I tried cleaning the IAA. I took it off and sprayed some Carb cleaner into it. I did not dismantle the whole thing though. I took off the Air Cleaner and the tube going to the ECCS. I cleaned the air filter. I saw a sort of an Air Sensor which comes right after the filter. I did not dare try to clean it fearing that I might break it. It looked so delicate. I pumped in a lot of Carb Cleaner Spray into the ECCS thingy. I cleaned up the plugs. I screwed everything on afterwards.

Afterwards, I opened up the distributor cap. I found out that the rods and the rotor itself were already corroding. I cleaned it up a bit.

I assembled back everything and then started the engine. It sounded smoother even when i adjusted idle lower drastically. Idle now is at 800rpm. Gasoline mileage is now better. I took it for a spin and everything seems better.

I tried to restart the engine in the following morning.
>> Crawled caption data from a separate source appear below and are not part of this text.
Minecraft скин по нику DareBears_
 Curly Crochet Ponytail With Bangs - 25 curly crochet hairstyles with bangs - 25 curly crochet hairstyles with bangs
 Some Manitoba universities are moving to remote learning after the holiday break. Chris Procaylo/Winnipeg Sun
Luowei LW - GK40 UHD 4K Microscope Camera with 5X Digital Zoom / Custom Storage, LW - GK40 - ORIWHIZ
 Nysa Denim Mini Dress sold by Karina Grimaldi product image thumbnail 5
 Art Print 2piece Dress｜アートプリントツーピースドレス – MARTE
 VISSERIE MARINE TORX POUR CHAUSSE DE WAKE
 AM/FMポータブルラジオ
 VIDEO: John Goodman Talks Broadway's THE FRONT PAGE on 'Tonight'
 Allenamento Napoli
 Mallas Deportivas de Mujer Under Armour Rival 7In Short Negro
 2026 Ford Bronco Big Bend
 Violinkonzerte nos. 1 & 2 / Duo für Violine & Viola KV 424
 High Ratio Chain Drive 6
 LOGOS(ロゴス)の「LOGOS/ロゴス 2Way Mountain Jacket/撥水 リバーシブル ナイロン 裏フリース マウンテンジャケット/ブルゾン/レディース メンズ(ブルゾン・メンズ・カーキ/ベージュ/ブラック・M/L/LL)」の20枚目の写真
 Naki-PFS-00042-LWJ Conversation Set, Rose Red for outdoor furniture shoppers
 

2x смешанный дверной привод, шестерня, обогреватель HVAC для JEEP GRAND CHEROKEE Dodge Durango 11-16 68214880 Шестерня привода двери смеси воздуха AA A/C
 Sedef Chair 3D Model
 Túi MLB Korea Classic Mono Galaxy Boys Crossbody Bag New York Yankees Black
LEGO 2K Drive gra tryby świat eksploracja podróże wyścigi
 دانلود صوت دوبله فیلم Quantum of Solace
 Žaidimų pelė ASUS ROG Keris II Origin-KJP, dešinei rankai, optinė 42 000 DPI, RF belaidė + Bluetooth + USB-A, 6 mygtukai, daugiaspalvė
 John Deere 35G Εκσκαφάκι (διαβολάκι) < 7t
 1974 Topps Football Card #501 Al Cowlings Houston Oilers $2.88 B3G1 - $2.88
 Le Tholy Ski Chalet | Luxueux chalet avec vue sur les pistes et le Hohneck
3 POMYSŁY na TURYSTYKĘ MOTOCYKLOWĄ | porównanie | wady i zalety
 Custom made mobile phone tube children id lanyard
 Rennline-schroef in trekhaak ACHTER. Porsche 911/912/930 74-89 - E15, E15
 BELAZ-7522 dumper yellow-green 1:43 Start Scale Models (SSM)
The idle would still die out if you release the gas pedal but would get better when the engine has been warmed up.

Things are definitely better than before except for the engine dying out if I release the gas pedal specially when the engine is not warm yet.

If I am correct, perhaps I missed out something. Any tips? Can I clean the Airflow sensor? How? Should I replace my distributor cap and cables too?

Thanks to all of you. Can't wait to work on my babe again soon.


----------